同展は、宇部市在住の松尾京子さんが、昨年7月に急逝した夫・浩さんの一周忌に合わせて開くもの。逝去後に浩さんのカメラを受け継いだ京子さんが撮影した写真と、浩さんが生前に撮影した作品をあわせて展示する。
58歳で生涯を閉じた浩さんは、市内で「松尾塗装店」を営む傍ら、40代後半から「山本写真機店」(中央町1)主宰の写真教室「cheeeeese!!」に通い、カメラをこよなく愛していたという。
京子さんは「夫から写真教室に行くことを勧められたが、当時は『スマホで十分だよ』と笑って返していた。
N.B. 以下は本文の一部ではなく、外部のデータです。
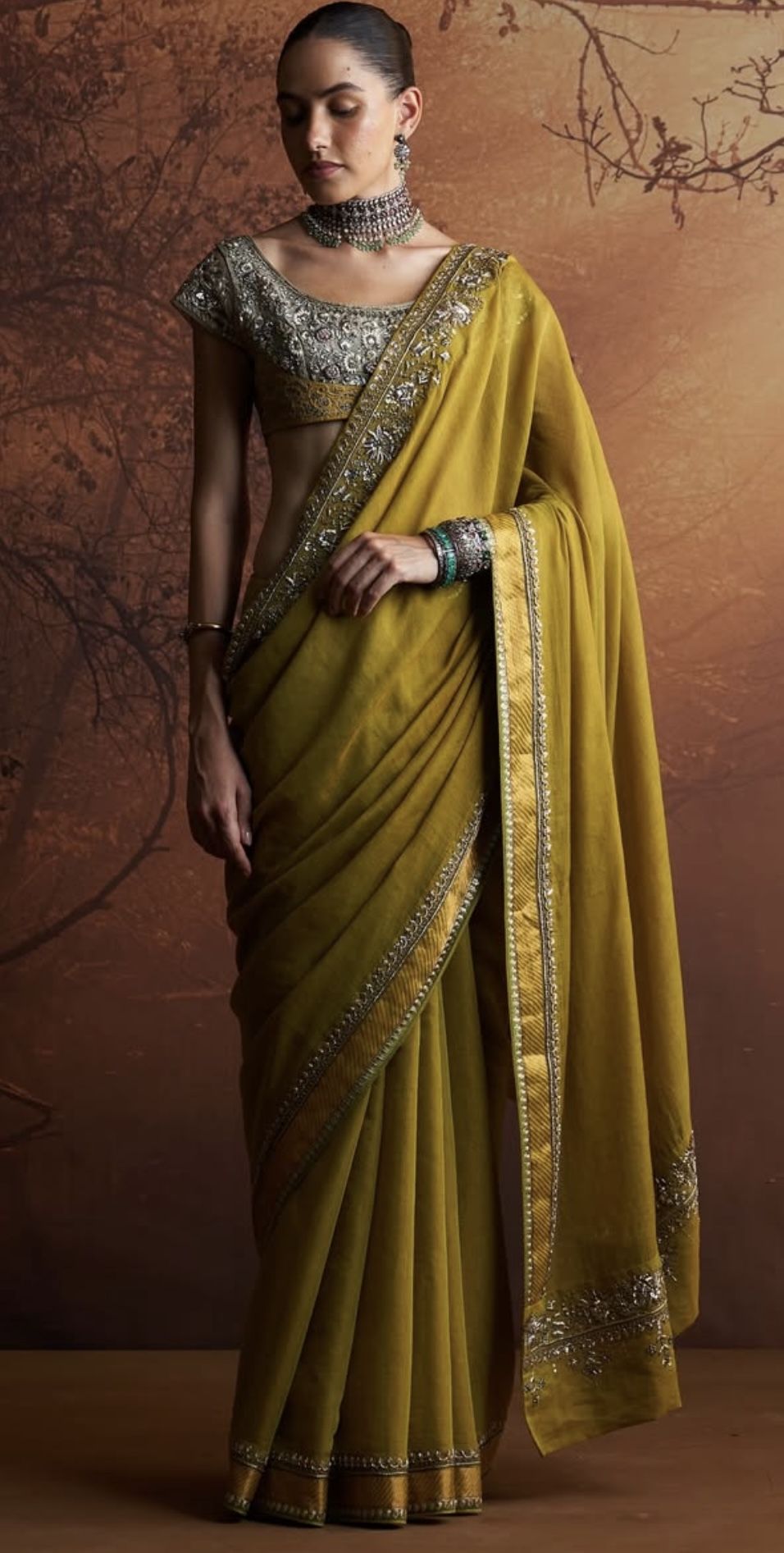 Velvet Saree with Banarasi Border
遺されたカメラをおそるおそる手に取り、電源の位置を探すところからのスタートだった」と振り返る。
「周りの方々に背中を押してもらい、ご縁がつながって今年4月に夫と同じ写真教室に通い始めた。夫が秋になると庭のフジバカマにやってくるアサギマダラを撮るのが恒例だった。今年5月末の新緑の頃、遊びに来てくれた一瞬を良い1枚に収めることができ嬉しかった」と顔をほころばせる。
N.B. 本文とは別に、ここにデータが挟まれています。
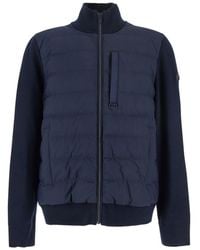 Moose Knuckles - Cardigan With Knitted Inserts And Logo Patch On Sleeve - Lyst
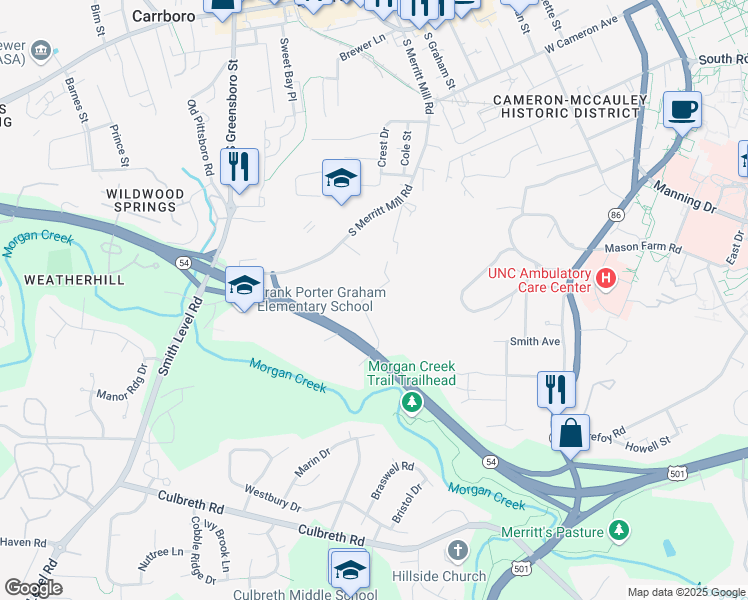 map of restaurants, bars, coffee shops, grocery stores, and more near 1100 North Carolina 54 in Chapel Hill
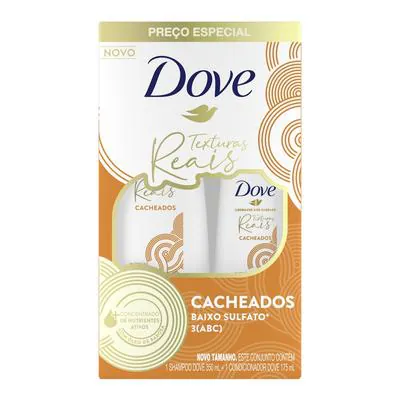 Kit Dove Texturas Reais Cacheados Shampoo 350ml e Condicionador 175ml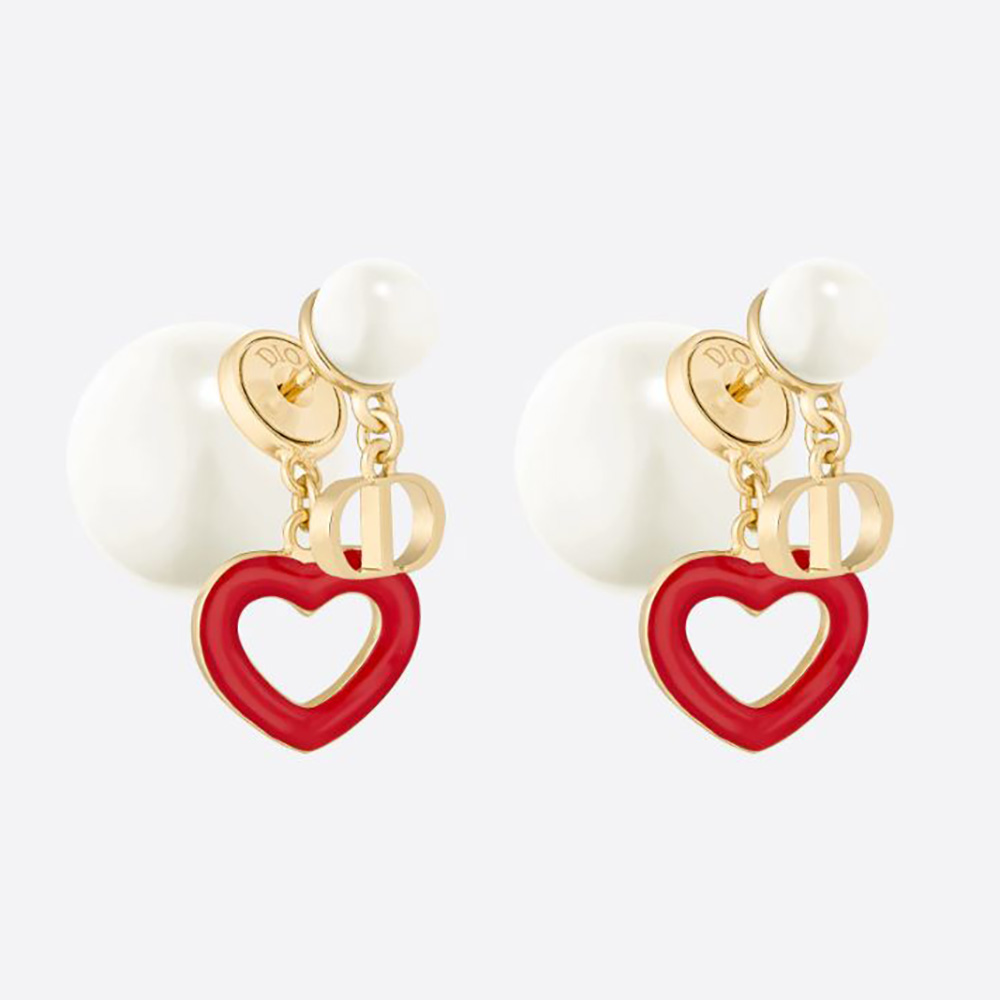 Close-up of Dior Women Tribales Earrings gold-finish metal and pearls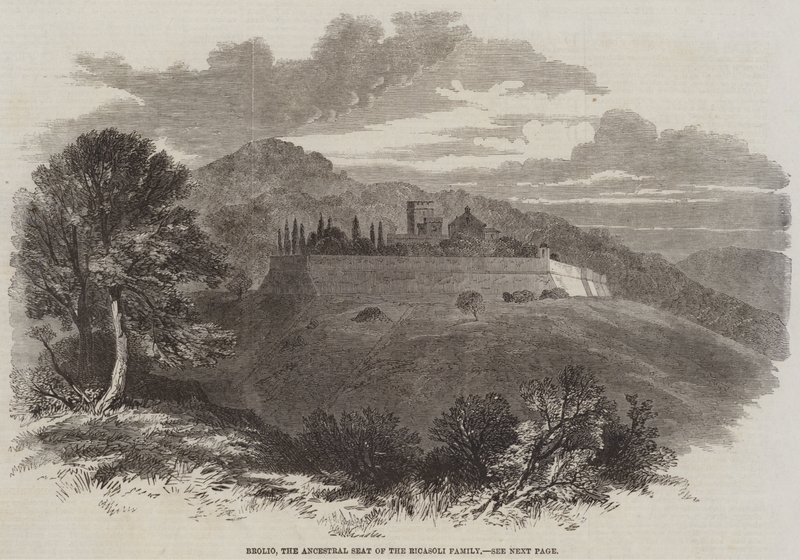Brolio, le siège ancestral de la famille Ricasoli (gravure) - English School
会場には、被写体を見つめる二人の優しい眼差しが感じられる風景や日常の写真が並ぶ。浩さんが「宇部市芸術祭」で奨励賞を受賞した作品や、仲間と撮影した8枚のほか、京子さんが実母の手元を写したものや、浩さんの日記帳を収めた写真など4枚を展示する。
同カフェの店主・坂上マサノリさんは、浩さんと写真教室の同期生。卒業後も10年以上の親交があり、昨年10月には浩さんを追悼する写真展を開催した。
坂上さんは「浩さんはいつも明るく、誰からも愛される優しい方だった。遺されたカメラを京子さんが引き継ぎ、写真教室に通い始めてから今回の『二人展』の構想が動き出した。浩さんが見ていた世界と、同じカメラを通して見つめた世界が一つの空間で巡り合う、温かい時間を感じてほしい」と来場を呼びかける。
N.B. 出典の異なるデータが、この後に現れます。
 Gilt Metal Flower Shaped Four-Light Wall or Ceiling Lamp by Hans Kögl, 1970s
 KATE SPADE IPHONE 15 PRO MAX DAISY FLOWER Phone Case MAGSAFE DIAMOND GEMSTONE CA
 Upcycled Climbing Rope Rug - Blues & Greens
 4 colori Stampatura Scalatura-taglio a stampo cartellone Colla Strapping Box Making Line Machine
京子さんは「初日から多くの方が訪れて懐かしい思い出を聞かせてくださり、胸がいっぱい。こうして夫と私の『二人展』が実現するなんて夢のよう。写真を撮ることが大好きだった夫の笑顔を思い浮かべながら見てもらえたら。私はまだまだ勉強中だが、夫が残してくれたご縁を大切にしながら、これからも私らしい景色を撮り続けたい」と思いを込める。
開館時間は11時~17時。同展は今月11日まで。土曜・日曜・祝日は京子さんが在廊予定。